• Information supplied
################
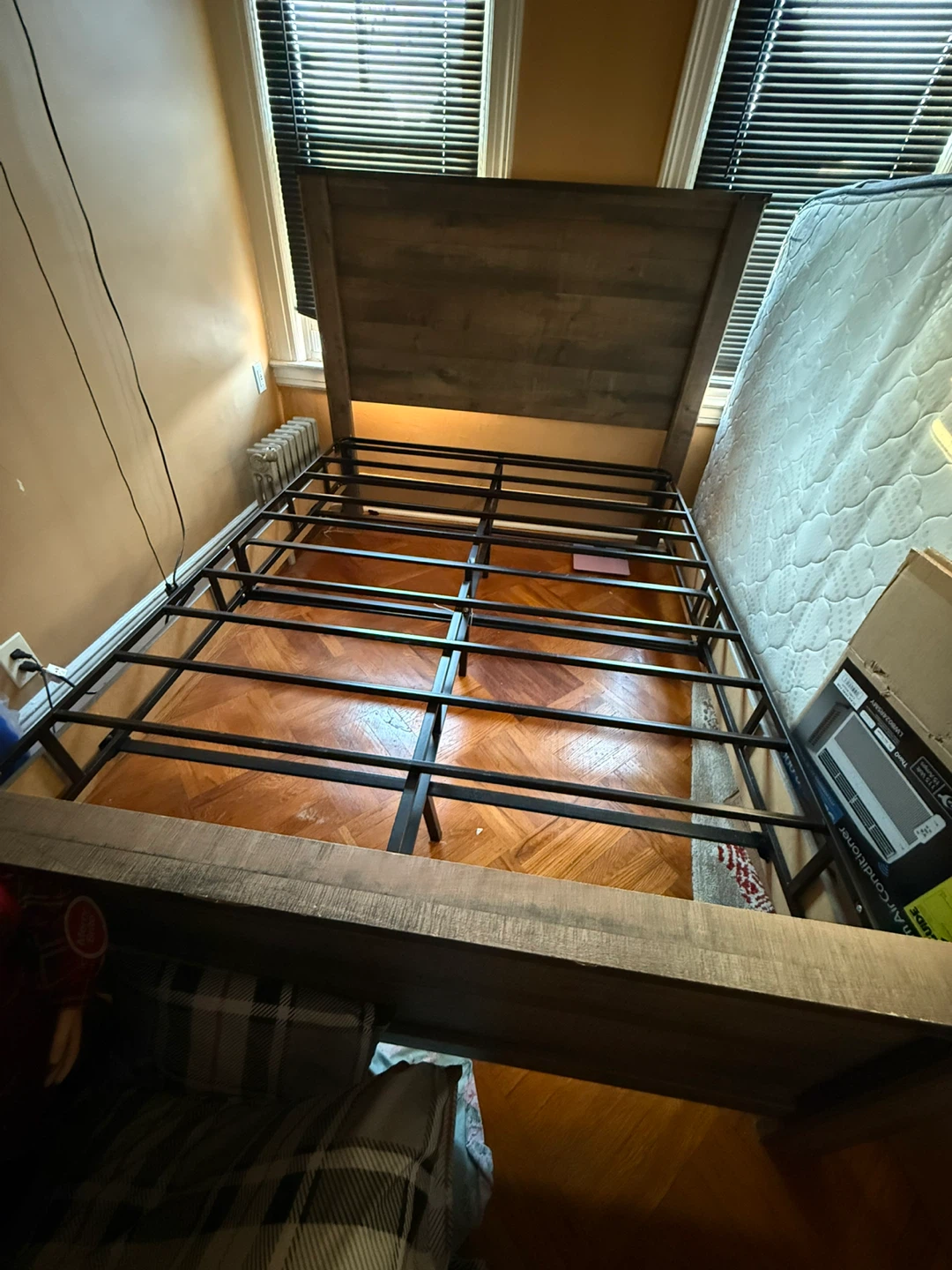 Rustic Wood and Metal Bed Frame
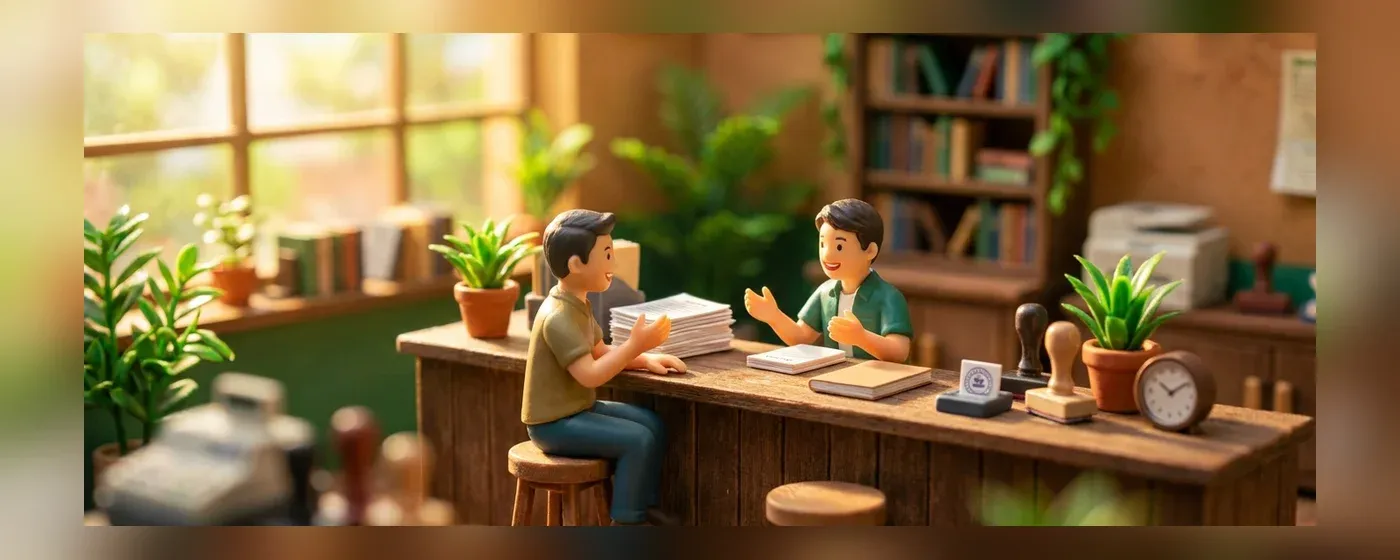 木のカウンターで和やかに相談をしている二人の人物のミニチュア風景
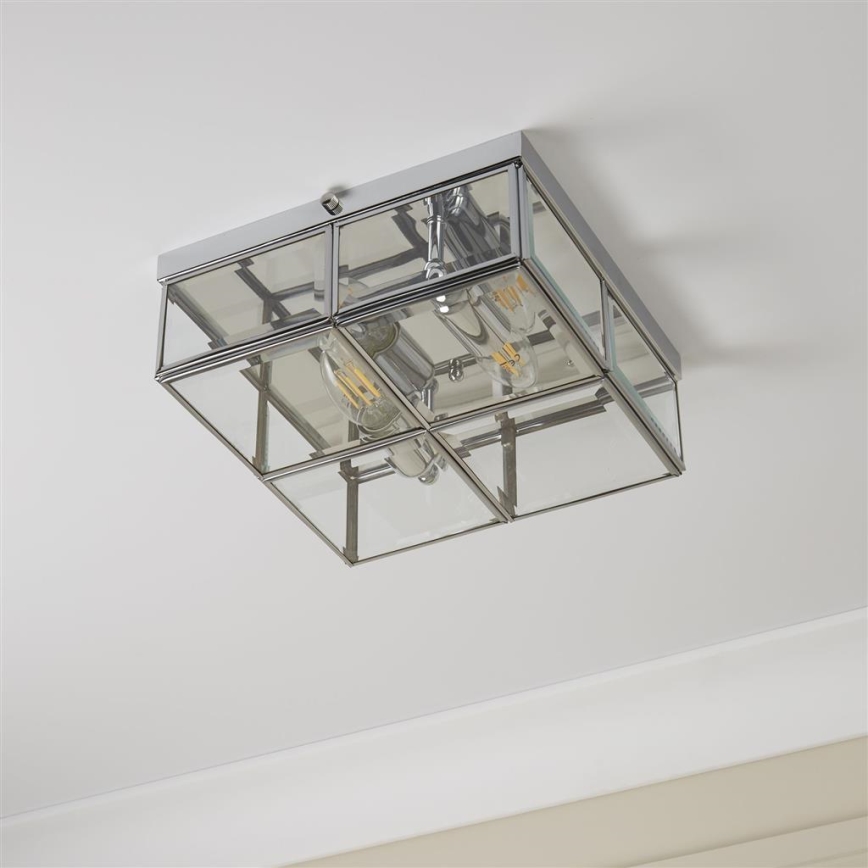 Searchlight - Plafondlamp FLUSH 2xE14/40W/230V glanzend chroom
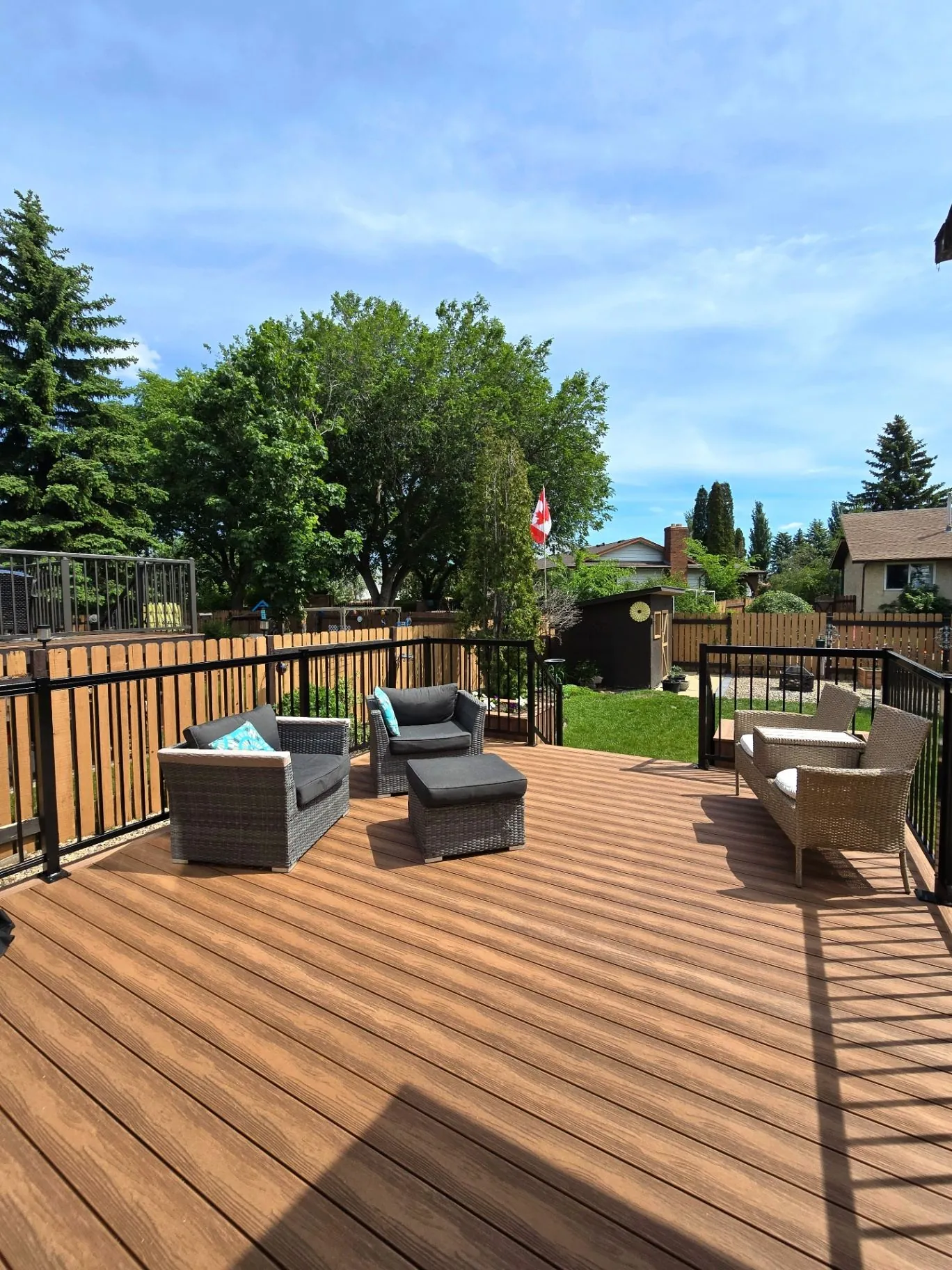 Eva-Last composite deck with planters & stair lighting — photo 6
################
Extract, word for word, every line from the one holding "木のカウンターで和やかに相談をしている二人の人物のミニチュア風景" through the closing line of the data above. Do not include any pictures.

 木のカウンターで和やかに相談をしている二人の人物のミニチュア風景
 Searchlight - Plafondlamp FLUSH 2xE14/40W/230V glanzend chroom
 Eva-Last composite deck with planters & stair lighting — photo 6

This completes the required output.